IMPOSING
THE WAY OF PEACE! Louay M. Safi In
a report filed from Jerusalem, Barbara Plett, a BBC correspondent, described the
Israeli-Palestinian conflict as thus: Palestinians refuse to acknowledge the past
suffering of the Jewish nation. Israelis no matter how left-wing, cannot take Palestinian
demands on par with their own because to accept Palestinian rights is to deny
Israels right to exist. While
the above statement does not even begin to capture the scope and complexity of the
Israeli-Palestinian conflict, it gives us an insight into the attitude of many Israelis.
For centuries, European Jewry dreamed of a homeland where they could experience
self-governance and escape oppression and persecution. So desperately did they desire
freedom and wanted to break out of their European ghettos that many of them contemplated
the establishment of a Jewish state away from the Promised Land. Eventually, consensus was
built around Palestine, and the Zionist movement led by Herzl worked in earnest toward
achieving that goal. The
desire for a Jewish state in Palestine was so strong and so intense that Zionist leaders
never considered the fate of the Palestinians.
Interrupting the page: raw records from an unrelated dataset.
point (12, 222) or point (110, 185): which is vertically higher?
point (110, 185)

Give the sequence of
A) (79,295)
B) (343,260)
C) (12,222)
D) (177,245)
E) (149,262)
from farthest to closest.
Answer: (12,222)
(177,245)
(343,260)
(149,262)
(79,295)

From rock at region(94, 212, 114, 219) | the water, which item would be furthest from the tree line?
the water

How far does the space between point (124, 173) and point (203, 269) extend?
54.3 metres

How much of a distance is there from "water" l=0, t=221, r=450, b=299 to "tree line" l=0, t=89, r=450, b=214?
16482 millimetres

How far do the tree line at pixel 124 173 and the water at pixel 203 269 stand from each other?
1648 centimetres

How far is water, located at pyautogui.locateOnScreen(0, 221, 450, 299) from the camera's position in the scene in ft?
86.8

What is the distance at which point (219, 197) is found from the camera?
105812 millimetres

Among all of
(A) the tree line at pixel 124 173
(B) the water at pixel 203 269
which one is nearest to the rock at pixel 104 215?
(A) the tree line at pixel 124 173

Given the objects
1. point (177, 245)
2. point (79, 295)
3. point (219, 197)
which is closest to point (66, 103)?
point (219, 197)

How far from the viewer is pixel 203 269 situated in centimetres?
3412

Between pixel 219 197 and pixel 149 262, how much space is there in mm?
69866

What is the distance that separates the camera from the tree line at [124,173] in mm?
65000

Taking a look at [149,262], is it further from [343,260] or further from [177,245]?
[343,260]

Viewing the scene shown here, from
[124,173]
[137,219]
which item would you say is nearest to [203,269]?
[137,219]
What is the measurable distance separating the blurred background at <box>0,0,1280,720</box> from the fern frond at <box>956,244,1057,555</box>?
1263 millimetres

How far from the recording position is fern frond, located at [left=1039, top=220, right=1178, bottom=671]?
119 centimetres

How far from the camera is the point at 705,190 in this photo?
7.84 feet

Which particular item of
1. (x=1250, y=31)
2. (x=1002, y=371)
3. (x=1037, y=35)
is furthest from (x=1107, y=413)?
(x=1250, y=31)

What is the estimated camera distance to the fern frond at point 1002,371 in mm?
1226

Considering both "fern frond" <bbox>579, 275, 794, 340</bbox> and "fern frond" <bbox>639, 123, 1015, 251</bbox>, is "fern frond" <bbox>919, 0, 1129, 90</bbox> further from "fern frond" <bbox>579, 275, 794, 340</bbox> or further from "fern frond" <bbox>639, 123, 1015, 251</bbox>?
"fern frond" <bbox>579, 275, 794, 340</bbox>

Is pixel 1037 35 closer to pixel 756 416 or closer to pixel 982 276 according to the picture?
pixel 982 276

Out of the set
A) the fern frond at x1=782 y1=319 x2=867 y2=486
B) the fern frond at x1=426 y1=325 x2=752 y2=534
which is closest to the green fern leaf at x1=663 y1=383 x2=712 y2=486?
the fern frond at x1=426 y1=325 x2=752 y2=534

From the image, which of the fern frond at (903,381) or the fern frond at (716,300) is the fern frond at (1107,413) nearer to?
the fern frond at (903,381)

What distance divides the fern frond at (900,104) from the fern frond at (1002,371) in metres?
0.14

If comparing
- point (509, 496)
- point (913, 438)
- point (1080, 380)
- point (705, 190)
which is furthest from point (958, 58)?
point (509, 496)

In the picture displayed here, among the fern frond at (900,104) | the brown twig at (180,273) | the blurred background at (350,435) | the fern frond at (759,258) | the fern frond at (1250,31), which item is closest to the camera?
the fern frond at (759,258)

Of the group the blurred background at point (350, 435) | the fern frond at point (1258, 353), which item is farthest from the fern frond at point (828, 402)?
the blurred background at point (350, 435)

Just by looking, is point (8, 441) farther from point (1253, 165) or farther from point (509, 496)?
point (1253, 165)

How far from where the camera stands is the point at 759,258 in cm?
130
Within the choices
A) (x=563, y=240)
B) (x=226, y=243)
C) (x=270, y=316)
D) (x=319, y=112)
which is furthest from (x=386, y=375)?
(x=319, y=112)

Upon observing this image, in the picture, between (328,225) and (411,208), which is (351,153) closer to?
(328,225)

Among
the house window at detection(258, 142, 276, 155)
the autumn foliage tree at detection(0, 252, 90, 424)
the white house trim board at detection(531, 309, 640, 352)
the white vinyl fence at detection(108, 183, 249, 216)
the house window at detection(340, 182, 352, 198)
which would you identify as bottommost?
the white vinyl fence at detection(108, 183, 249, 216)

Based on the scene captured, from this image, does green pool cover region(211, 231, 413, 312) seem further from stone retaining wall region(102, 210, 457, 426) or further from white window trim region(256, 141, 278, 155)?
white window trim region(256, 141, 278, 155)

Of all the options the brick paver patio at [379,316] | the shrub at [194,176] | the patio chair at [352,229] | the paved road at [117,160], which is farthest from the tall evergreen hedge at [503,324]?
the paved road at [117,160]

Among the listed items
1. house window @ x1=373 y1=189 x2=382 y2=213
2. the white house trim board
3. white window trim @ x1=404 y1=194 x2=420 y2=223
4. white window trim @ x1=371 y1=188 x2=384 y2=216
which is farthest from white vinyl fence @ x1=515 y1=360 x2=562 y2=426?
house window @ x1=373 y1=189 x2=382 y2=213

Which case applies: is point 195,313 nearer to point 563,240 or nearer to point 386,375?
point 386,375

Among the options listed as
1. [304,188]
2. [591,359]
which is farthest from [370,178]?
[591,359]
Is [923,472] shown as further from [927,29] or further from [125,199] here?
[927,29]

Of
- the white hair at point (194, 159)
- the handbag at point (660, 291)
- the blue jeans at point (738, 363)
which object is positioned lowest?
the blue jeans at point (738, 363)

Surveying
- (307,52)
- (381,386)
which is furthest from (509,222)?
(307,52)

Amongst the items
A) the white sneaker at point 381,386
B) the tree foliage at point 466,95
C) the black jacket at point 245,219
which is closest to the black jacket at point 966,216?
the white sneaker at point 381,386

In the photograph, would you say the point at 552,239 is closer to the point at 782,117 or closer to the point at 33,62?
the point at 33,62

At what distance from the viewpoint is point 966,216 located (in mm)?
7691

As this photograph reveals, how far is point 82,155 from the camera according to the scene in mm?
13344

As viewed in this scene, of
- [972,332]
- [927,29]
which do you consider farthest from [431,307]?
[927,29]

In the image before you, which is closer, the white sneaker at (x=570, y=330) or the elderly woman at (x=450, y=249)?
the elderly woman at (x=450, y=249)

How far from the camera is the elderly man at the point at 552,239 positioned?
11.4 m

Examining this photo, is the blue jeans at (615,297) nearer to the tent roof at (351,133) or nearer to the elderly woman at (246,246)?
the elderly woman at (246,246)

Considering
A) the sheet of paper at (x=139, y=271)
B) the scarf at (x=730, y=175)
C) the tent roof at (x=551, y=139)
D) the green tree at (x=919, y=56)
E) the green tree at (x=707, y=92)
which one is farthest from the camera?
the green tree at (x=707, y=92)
Instead, they built their dream around an
illusion, adopting the slogan: land without people for a people without land.
Today after 80 years of continuous Jewish immigration, there are as many Palestinians as
Israelis in Israel and the occupied territories (one million Palestinians in the former
and 3 million in the latter). The number of Palestinians in the Palestinian
Diaspora is equivalent to the number of Jews remained outside Israel. The salvation
of one community has been achieved at the expense of another. A
series of military conflicts have forced hundreds of thousands out of their homes, thereby
creating a Palestinian Diaspora. Half of the Palestinian people, amounting to over five
million, live away from what they proudly call our homeland. Palestinians have
developed a strong attachment to Palestine, as strong as the one that inspired the Jewish
return. For them, Palestine is a promised land. Those who doubt the attachment of
Palestinians to their homeland need only listen to Palestinian children in the refugee
camps of Sabra and Shatila talk about Palestine and dream of their return, or watch how
Palestinian boys are willing to pay the ultimate price to challenge the Israeli
occupation. The
irony of modern Israel is not easy to miss: a nation created to liberate European Jewry
from discrimination, oppression, and genocide is increasingly guilty of the very practices
it sought to escape. This sticking fact was brought to the fore in a recent UN Human
Rights Commission's resolution that condemned the Jewish State. The
resolution denounced Israel for the "widespread, systematic and gross violations of
human rights perpetrated by the Israeli occupying power, in particular mass killings,
collective punishments, such as demolition of houses and closure of the Palestinian
territories, measures which constitute war crimes and flagrant violation of international
humanitarian law and crimes against humanity."[1] The
resolution passed by small margin. Nineteen states, mainly Arab and Islamic, as well as
Cuba and China, voted in favor, while European and American States voted against it.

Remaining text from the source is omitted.